Querem tudo de Lula. Para ontem. Não basta ser presidente de uma República destroçada por anos de incúria, golpismo, esculacho e malversação de dinheiro público.
Lula já sobreviveu à fome, a um câncer, a 580 dias de prisão e a uma tentativa de golpe de Estado, uma semana depois de tomar posse, mas ali estava apenas começando a sua agonia, sem saber por onde começar a reconstrução do país, pois tudo exigia urgência e a sua presença física, como se ele não fosse um só, mas vários. Por isso, tem pressa para ver os resultados.
Como se só tivesse ele no time, e fosse ainda um garoto, o presidente tem que jogar em várias posições, na defesa e no ataque, armar o meio de campo, cobrar o escanteio e correr na área para cabecear, mas querem que ele também apite o jogo.
Ainda hoje, como se tivesse espaço sobrando na agenda, Lula arrumou mais um serviço para ele mesmo: estreou um podcast com o jornalista Marcos Uchôa, para ver se melhora a comunicação do governo, diante da concorrência desleal das sequelas jurídico-policiais do bolsonarismo e do lavajatismo, que sequestraram a agenda do país. O programa agora será semanal.
Todos, a começar pelo Centrão e pelo mercado, só querem falar com Lula. Ministros e assessores não servem. Se não atende a todos no mesmo dia, é porque está diferente, ficou mascarado, pensa que tem o rei na barriga.
Querem que ele cuide pessoalmente da “articulação política” e que seja, ao mesmo tempo, porta-voz do governo e grão-chanceler, porque todo mundo só quer falar com ele.

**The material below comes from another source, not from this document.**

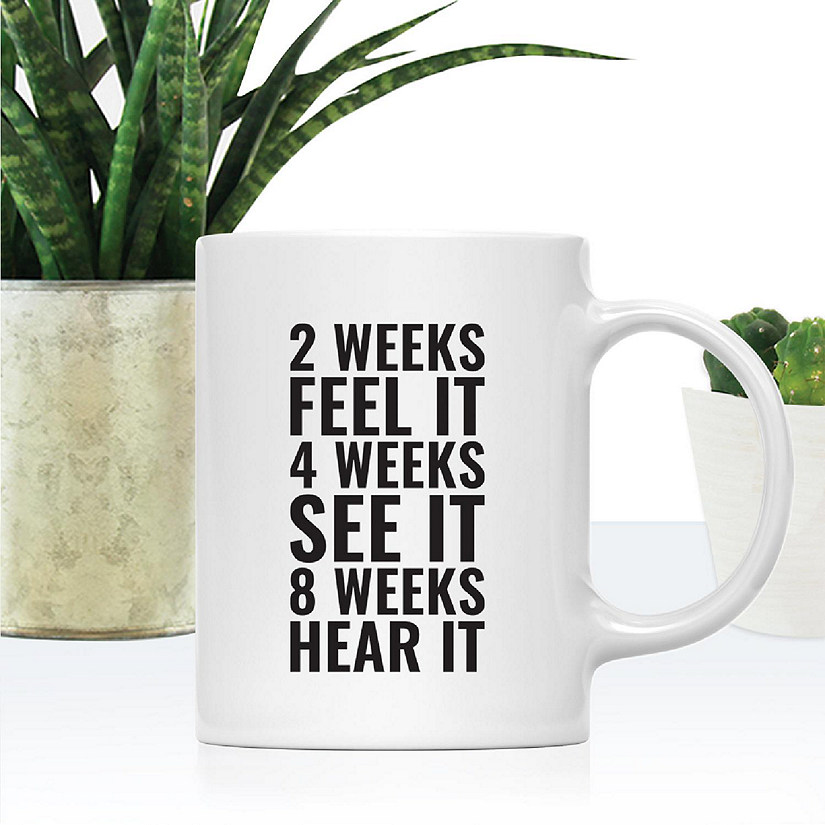 2-4-8 Weeks Results Ceramic Mug Image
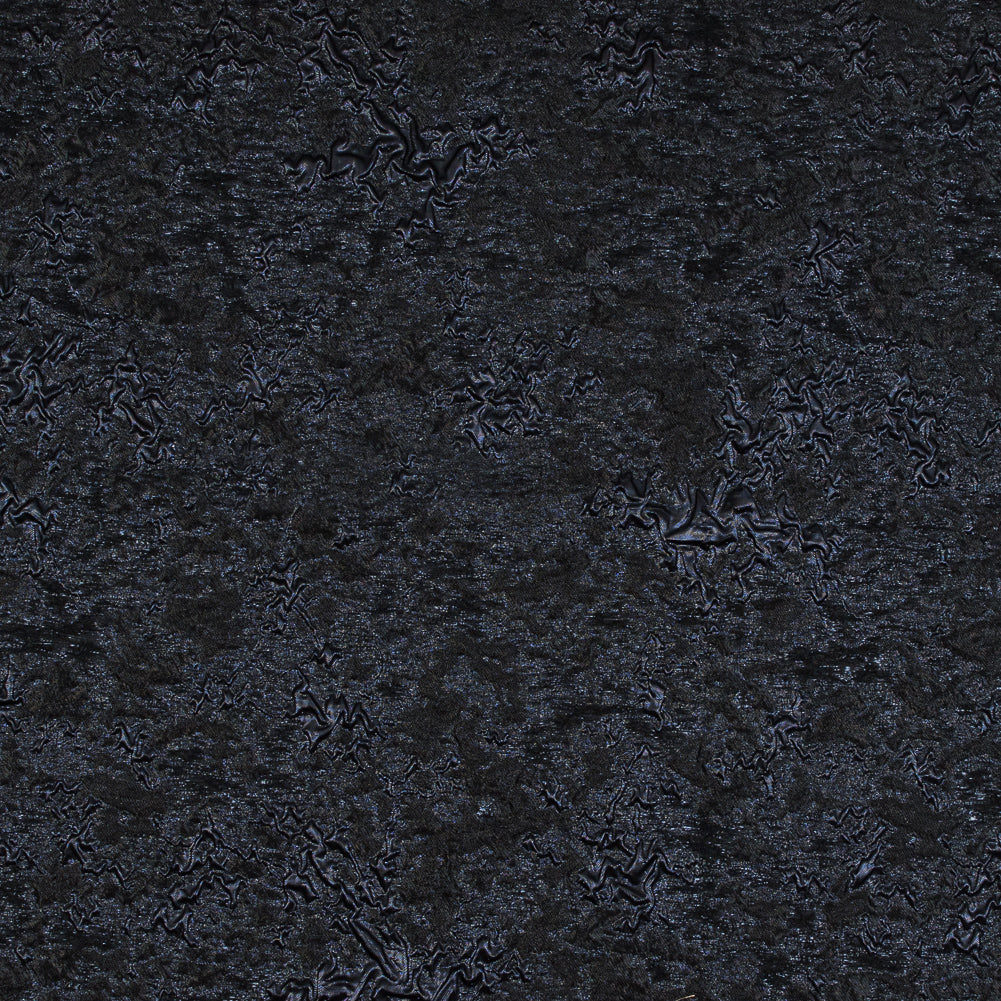 Black and Blue Luxury Abstract Metallic Brocade Black and Blue Luxury Abstract Metallic Brocade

É pedir um pouco demais para um cidadão de 77 anos, presidente pela terceira vez, que casou de novo recentemente e, em menos de seis meses de governo, já deu uma volta ao mundo para o Brasil recuperar o prejuízo do tempo perdido.
Se Lula fosse fazer tudo que todos lhe cobram todos os dias, não sobraria tempo para dormir e comer, nem para ir ao banheiro.
Cobrado por tudo que fez ou deixou de fazer, está sempre em dívida com os editorialistas e comentaristas da grande imprensa, alguns órfãos do lavajatismo, como o imortal Merval Pereira, que ainda hoje insiste no Globo em lhe cobrar um “programa” de governo, como se ele não fizesse outra coisa, todo dia, a não ser anunciar novos projetos em todas as áreas da administração pública. Se o povo não fica sabendo do que já foi anunciado e feito, a culpa também é dele, claro, e não de quem produz o noticiário.
Mas se a Bolsa sobe e o dólar cai, a culpa nunca é dele; se acontecer o contrário, seu nome logo é lembrado.
O que não faltam são conselheiros, consultores e professores de presidente, que querem lhe ensinar o que deve fazer. Um dos mais notórios é o presidente da Câmara, Arthur Lira, que lhe recomendou para anunciar logo se será ou não candidato à reeleição, daqui a três anos e seis meses, para evitar a disputa de poder dentro do governo. Que maravilha! Se correr o bicho pega, se ficar o bicho come…
Quando eu me metia a lhe dar conselhos no primeiro governo sobre o que fazer diante de qualquer crise, ele se limitava a me perguntar: “Ah é? E quantos votos o senhor teve na última eleição?”